The script runs using a key.py file with a function that only returns a string with the API key. You can have your own key by following the steps shown here: https://www.portaldatransparencia.gov.br/api-de-dados/cadastrar-email
It uses a list of agencies (órgãos), that was acquired using the same API. The list is already in .csv format in this repository. Then, for each agency it tries to get all the employees data.
An asyncio.Semaphore
is used to manage the number of simultaneous agencies it is calling for the employees. Once an agency list of employees is finished, it stores it's contents in a pickle file inside the ./pickle
folder. A timeout is needed, as sometimes the API simply stops responding. When that happens, the script simply moves to the next agency code, leaving the timed-out one for the next iteration. A code 429 is expected, and the script simply stops making calls for the entire iteration, and sleeps for some time before attempting the whole list again. It checks for the pickle files it already has downloaded and skips them.
This ended up being a rough looking solution, but it gets the job done. Some agencies have too many employees, meaning it can reach the point of a 429 code before it finishes downloading the data, but results vary depending on the speed the API is responding and the time of the day.
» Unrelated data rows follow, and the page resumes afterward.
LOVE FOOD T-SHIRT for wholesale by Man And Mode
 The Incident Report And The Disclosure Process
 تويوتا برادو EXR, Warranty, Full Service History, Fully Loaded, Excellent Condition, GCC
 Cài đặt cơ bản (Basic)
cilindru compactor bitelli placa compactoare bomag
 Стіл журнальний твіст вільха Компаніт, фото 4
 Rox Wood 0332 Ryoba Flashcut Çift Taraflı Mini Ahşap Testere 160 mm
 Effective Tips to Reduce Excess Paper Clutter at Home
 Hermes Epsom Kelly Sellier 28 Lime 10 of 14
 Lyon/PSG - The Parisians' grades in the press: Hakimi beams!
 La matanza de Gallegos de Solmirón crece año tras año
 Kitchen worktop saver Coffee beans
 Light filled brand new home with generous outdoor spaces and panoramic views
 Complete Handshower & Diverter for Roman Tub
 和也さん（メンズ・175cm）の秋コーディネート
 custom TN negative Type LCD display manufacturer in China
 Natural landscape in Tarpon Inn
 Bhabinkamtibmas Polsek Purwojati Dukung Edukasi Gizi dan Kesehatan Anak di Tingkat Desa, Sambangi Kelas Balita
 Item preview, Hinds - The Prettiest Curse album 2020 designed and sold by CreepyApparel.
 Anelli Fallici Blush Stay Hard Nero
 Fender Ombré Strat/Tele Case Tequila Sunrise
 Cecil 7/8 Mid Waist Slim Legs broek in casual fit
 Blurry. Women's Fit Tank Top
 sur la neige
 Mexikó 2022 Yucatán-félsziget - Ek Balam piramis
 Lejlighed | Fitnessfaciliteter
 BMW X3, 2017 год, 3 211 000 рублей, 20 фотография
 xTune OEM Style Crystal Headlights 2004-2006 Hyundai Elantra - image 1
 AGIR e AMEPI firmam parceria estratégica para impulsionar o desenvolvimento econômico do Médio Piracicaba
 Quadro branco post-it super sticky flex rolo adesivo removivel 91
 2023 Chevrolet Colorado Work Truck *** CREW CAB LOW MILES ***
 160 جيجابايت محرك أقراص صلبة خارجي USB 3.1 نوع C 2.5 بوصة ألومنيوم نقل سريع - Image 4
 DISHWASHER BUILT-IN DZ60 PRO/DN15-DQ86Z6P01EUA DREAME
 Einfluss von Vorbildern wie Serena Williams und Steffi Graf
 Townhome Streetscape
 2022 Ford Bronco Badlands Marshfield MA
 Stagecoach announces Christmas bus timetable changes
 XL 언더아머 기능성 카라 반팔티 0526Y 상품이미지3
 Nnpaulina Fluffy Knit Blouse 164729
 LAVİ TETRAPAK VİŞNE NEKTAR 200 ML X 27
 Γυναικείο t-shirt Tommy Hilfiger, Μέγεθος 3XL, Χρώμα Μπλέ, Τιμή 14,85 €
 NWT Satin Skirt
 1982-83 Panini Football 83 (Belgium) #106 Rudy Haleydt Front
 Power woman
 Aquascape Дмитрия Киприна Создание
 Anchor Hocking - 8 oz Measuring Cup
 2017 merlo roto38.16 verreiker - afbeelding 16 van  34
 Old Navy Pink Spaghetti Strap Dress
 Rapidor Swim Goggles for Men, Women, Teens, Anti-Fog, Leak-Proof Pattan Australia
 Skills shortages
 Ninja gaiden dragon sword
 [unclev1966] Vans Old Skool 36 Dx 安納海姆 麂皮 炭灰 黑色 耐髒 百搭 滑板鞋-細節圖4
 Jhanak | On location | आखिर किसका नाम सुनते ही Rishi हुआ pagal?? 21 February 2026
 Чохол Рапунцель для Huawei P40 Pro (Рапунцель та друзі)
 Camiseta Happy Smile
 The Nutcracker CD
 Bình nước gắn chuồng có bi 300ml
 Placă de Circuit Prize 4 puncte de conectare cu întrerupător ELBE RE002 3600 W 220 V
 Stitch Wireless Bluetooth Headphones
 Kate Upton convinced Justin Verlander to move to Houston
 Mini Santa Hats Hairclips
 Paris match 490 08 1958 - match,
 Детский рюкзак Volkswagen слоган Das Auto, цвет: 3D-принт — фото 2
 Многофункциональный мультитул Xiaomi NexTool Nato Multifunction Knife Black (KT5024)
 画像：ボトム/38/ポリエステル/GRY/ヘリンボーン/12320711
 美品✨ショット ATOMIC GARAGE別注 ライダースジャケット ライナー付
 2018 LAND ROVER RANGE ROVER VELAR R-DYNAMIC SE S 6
I tried to control the number of calls by counting and using time.sleep to wait 60 seconds before I reach the maximum number of calls, but this created some problems with the execution of the event loop, and I ended up giving this solution up for now, until I have a better understanding of how asyncio manages the coroutines. I could use asyncio.sleep, but this function only pauses the current coroutine, creating unwanted behavior when using many concurrent coroutines and a global connection counter.
Set up your API key by creating a python script with the key
function, that returns your API key as a string.
Run async_api_download.py to run the code. You can adjust the global variables ASYNC_AGENCIES
and ASYNC_PAGES
as you like - higher number of pages allows faster download of an agency with a high number of employees, but has the drawback of "wasting" calls on empty pages (as the script only knows if the last page has been reached after it awaits for all the page tasks to finish). A higher number of async agencies can increase the speed in which the script downloads agencies with small number of employees, but at the risk of reaching the maximum number of connections before it can dump all the employees to a file. You can leave the code running on the background.
After you finish downloading all the data, the employee_parser.py script can be used to parse all the employees into a single csv file. The result is a 1million~ rows csv. The desired columns can be controlled by editing the script.